### EXERCISE DIRECTIONS
Transcribe the listing exactly; drop the images.

### DATA TO EXAMINE
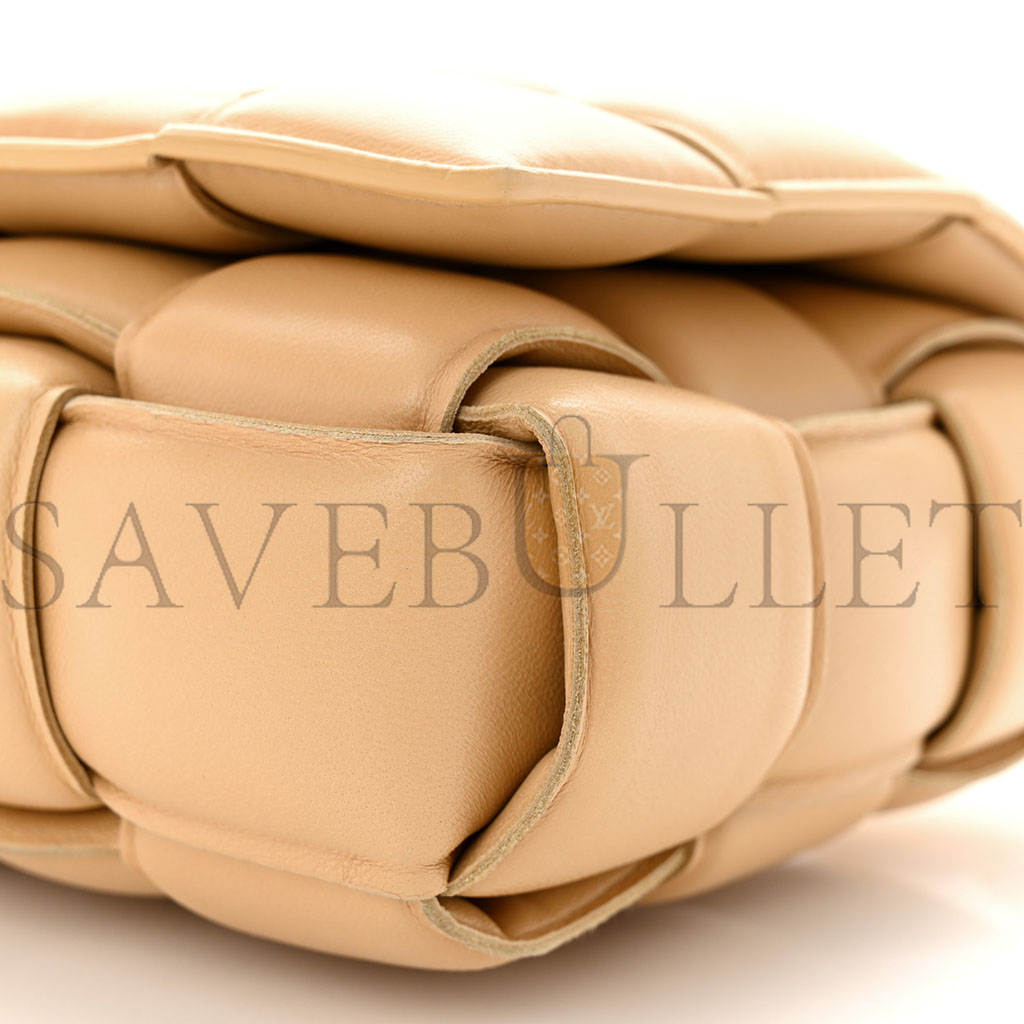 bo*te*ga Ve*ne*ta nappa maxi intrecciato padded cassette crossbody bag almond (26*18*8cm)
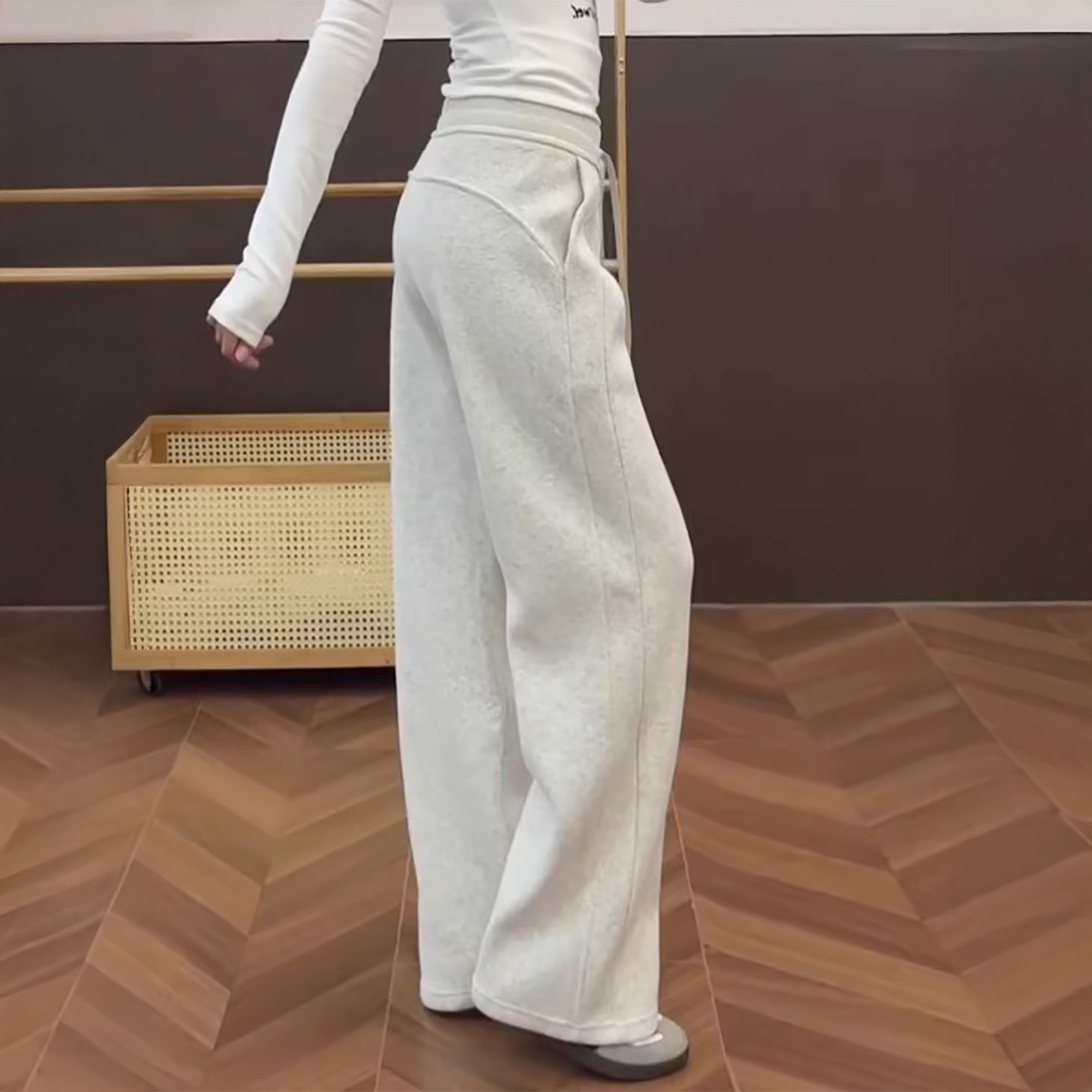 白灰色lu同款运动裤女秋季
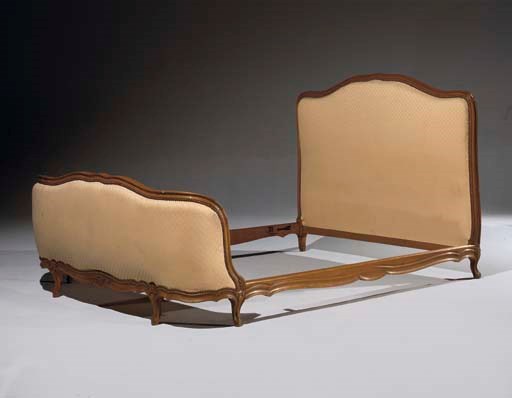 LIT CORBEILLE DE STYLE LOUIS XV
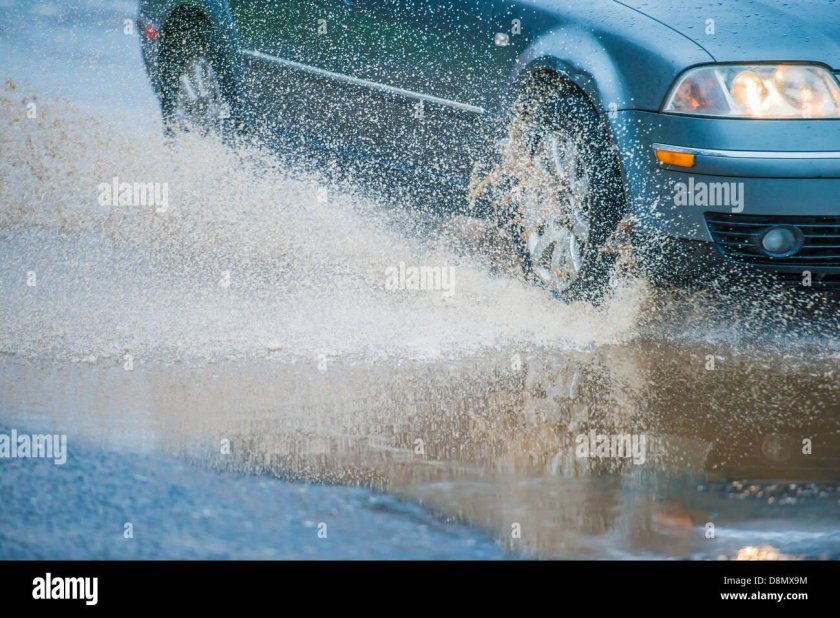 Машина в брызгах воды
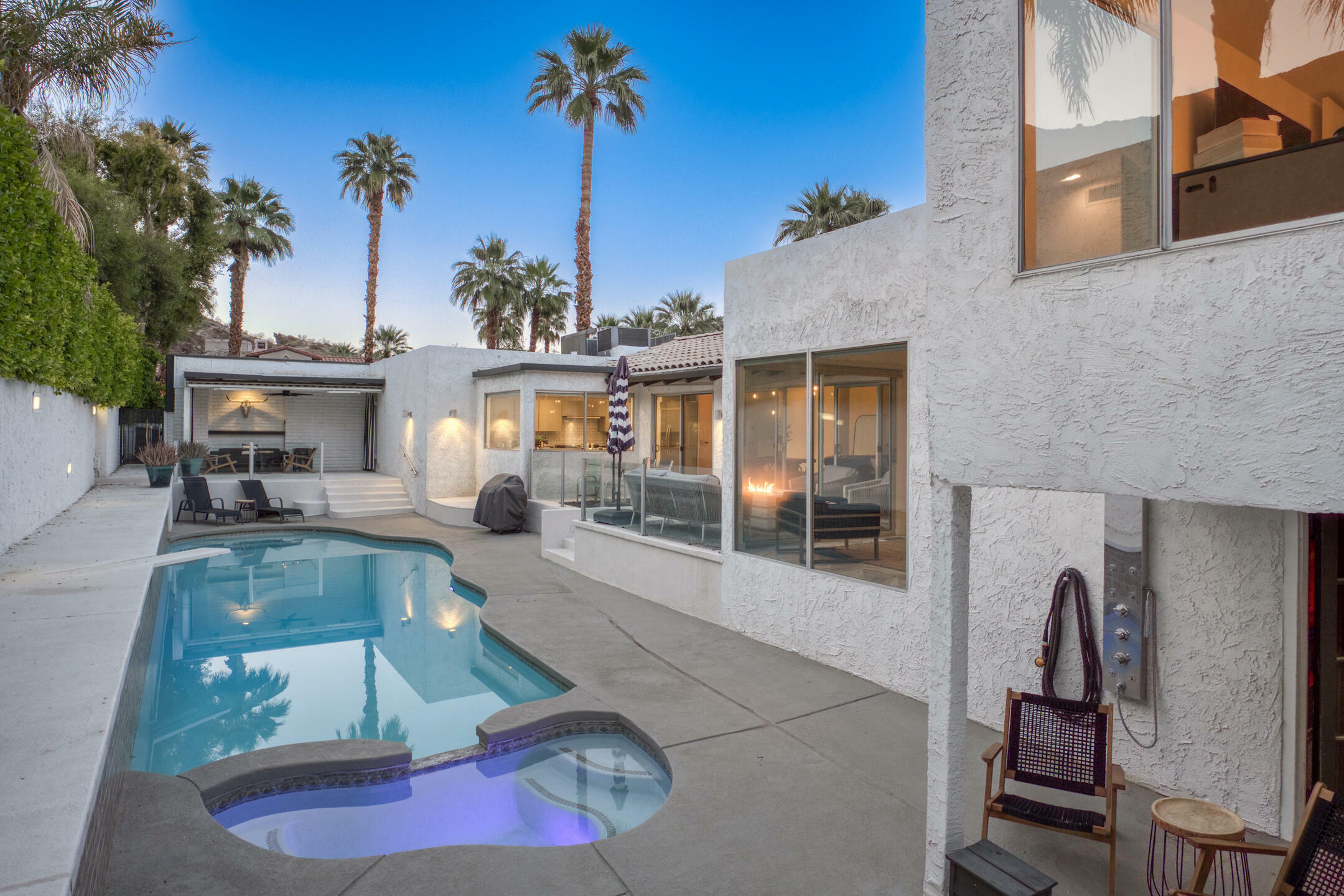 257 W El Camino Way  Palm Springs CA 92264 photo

### RESULT
 bo*te*ga Ve*ne*ta nappa maxi intrecciato padded cassette crossbody bag almond (26*18*8cm)
 白灰色lu同款运动裤女秋季
 LIT CORBEILLE DE STYLE LOUIS XV
 Машина в брызгах воды
 257 W El Camino Way  Palm Springs CA 92264 photo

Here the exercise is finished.